Give them something practical, something useful, something they can appreciate every day.
Give them a house.
VTC Come again?
Well, not exactly a whole house. But, face it, if all the guests at a 250-strong reception channeled the money they spent in wedding gifts into a united fund, the happy couple could probably afford the down payment on a nice little bungalow even before the honeymoon aura wore off.
At least that's the point the Arbor National Mortgage Co. is trying to make with its Arbor Home Bridal Registry. Arbor's registry works much like one at a department store, where the bride records her favorite china, crystal and silver patterns as gift suggestions for her wedding.

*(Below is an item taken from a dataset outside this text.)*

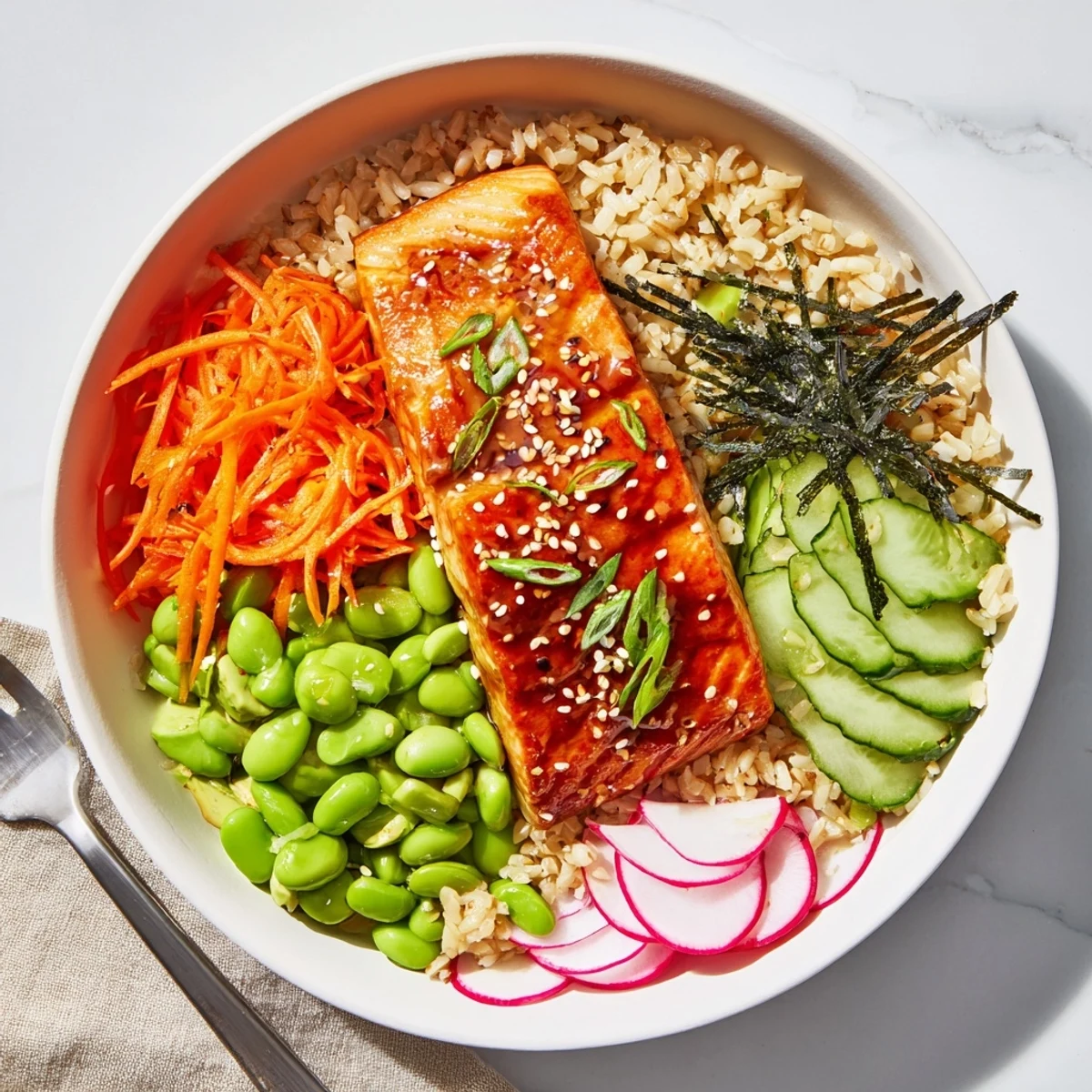 Hearty miso salmon grain bowl drizzled with tangy dressing and sprinkled with nori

In this case, the bride and groom register their bank account and guests contribute cold, hard cash toward a down payment on a house.
The Westbury, N.Y.-based mortgage company serves as a sort of go-between, establishing a money-market account in the couple's name at Chase Manhattan Bank and channeling monetary gifts from the bride and groom's friends and relatives into it as deposits. The fund earns interest at the bank's going rate and, if the couple is lucky, their little nest egg starts growing even before the nuptials take place.

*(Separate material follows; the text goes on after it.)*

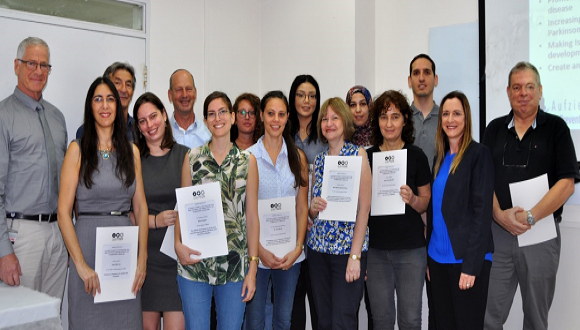 Group photo of award winners with certificates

Couples may use word-of-mouth to spread the news of their interest in cash rather than cappuccino cups, or they might choose a "tastefully worded," engraved announcement provided by the registry that can be inserted in the wedding invitation.

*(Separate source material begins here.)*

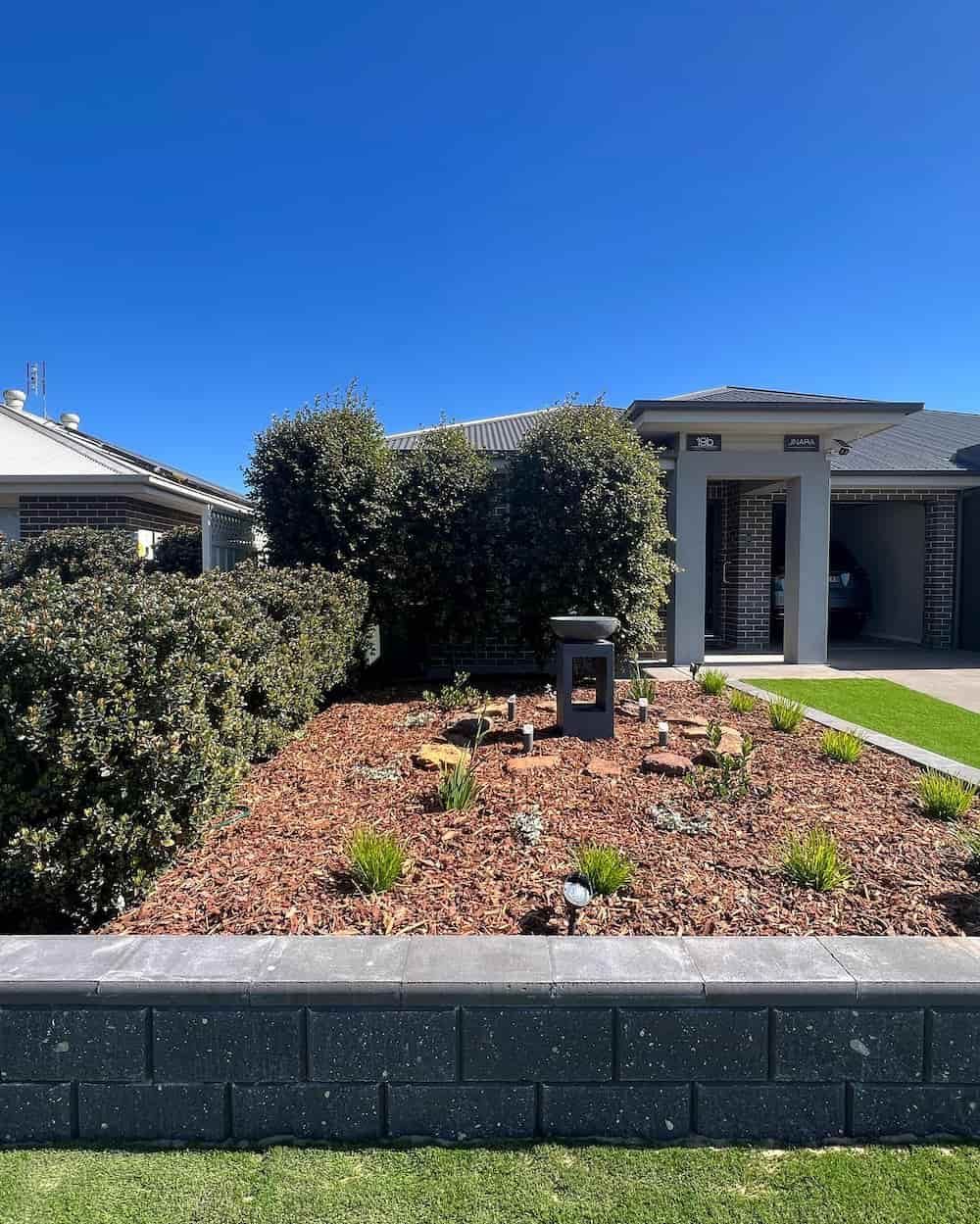 A Brick Wall Surrounds a Garden in Front of A House — Creative Spaces Landscaping in Dubbo, NSW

"The braver ones will use the cards," says Nancy Boles, vice president of marketing for Arbor, which has offices in several East Coast cities. The only Maryland branch of Arbor is in Rockville, though it hasn't had any bridal registrants yet.
Friends and relatives who choose to contribute to the fund call an 800 number, sign a couple of forms that arrive in the mail and send in their checks. They get an acknowledgment card in return that they may pass along to the bride and groom. It's a little like participating in a Jerry Lewis telethon.
"I think it's tasteless," says Letitia Baldrige, the manners maven of the '90s, of the unusual registry. "A bridal registry is for gifts for the home," she says, not for the home itself. "Having someone contribute cash to a specific mortgage loan is something only family should be involved in," says the author of "Letitia Baldrige's Complete Guide to Executive Manners."
Judith Martin -- better known as "Miss Manners" -- who dispenses advice on decorum with aplomb in her syndicated newspaper column (including in The Sun and Sunday Sun) is equally appalled by the suggestion of solicitation.
"It's unspeakable," she says of the idea of channeling one's gifts receivable into an interest-bearing account. "What makes anyone think that getting married constitutes an excuse for a charitable fund-raising drive?
"What we have here is unbridled greed," she concludes.
"We realize some people look at it as tacky," says Ms. Boles. "But, on the other hand, it does have a historical precedent -- like the families that would set up a dowry in the old days."
Whatever its measure on the taste meter, the home bridal registry is stirring interest. Arbor reports the company has received about four dozen calls from brides-to-be, as well as parents and grandparents. But, only one couple, a Long island pair marrying later this spring, has actually registered since the program began about a month ago.
Obviously, the mortgage company's motive for this venture is not totally benign. Arbor hopes the young marrieds will choose it as their lender when the time comes to buy a house. As an incentive, it offers new homeowners a $100 "wedding gift" to be applied to closing costs when they do sign on the dotted line for a mortgage.
"This is very practical," says Ms. Boles. "It's something that will build over time." The account can remain open and accrue funds as long as the couple chooses. By the same token, they can dig into it at any time after a six-month period for any purpose they choose, not necessarily for a mortgage.
"But because they've publicly notified people that it is for a house, this becomes a strong incentive to get with the program," says Ms. Boles.